LVMH Is Buying Tiffany's
LVMH, the French group behind luxury labels such as Christian Dior, Fendi, and Givenchy, said it would pay $135 a share for Tiffany a $10 premium to the stock's Friday closing price.
"Tiffany has been focused on executing on our key strategic priorities to drive sustainable long-term growth. This transaction, which occurs at a time of internal transformation for our legendary brand, will provide further support, resources, and momentum for those priorities as we evolve towards becoming The Next Generation Luxury Jeweler," said Tiffany CEO Alessandro Bogliolo. "As part of the LVMH group, Tiffany will reach new heights, capitalizing on its remarkable internal expertise, unparalleled craftsmanship, and strong cultural values."
Analysts have noted that more than half of Tiffany's sales come from outside the U.S., providing LVMH with both a doorway into the domestic luxury market while supporting the group's growth in key markets such as Europe and China.
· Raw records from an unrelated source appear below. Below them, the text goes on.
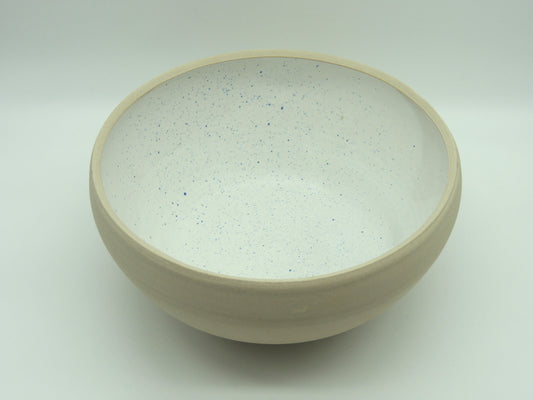 Plat Pollock- Stéfanne Prijot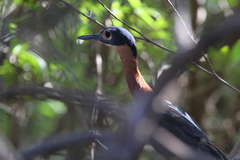 Gorsachius leuconotus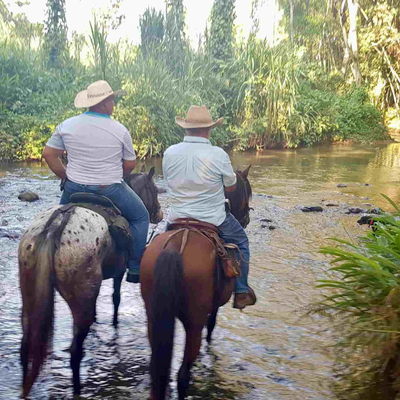 Horseback Ride through a River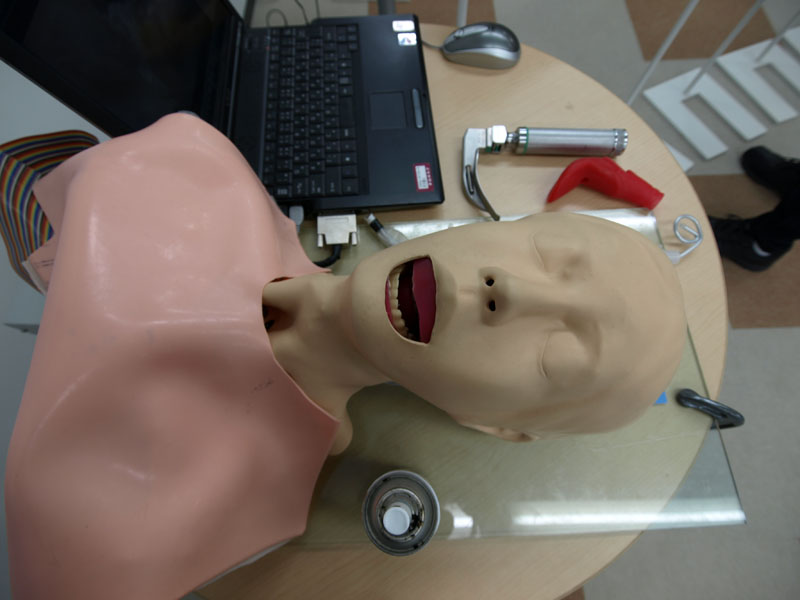 気管挿管外科手術の訓練用ロボット「WKA-1R」。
Charles Schwab Is Buying TD Ameritrade
Charles Schwab is buying TD Ameritrade in an all-stock deal valued at approximately $26 billion, the company confirmed on Monday.
Under the agreement, TD Ameritrade stockholders will receive 1.0837 Schwab shares for each TD Ameritrade share, representing a 17% premium over the 30-day volume-weighted average price exchange ratio as of Nov. 20.
"With this transaction, we will capitalize on the unique opportunity to build a firm with the soul of a challenger and the resources of a large financial services institution that will be uniquely positioned to serve the investment, trading and wealth management needs of investors across every phase of their financial journeys," said Schwab CEO Walt Bettinger.
How Is Twitter Losing This Election?
"It's a certainty that Alphabet (GOOGL) will get some sort of deal, too. Amazingly, the most technically challenged outfit and the one that would have had the most to gain, Twitter, has taken itself out of the race already in a decision that, from a business perspective, is now instantly regrettable," wrote Cramer. "Why would Facebook be the best? First, it's got the biggest reach. Facebook can be targeted geographically to flood the zone so that you wouldn't know anything but Bloomberg if you were an Instagram regular. Second, an odd one, but Bloomberg has so much money that he can design great looking ads, something that Facebook really wants."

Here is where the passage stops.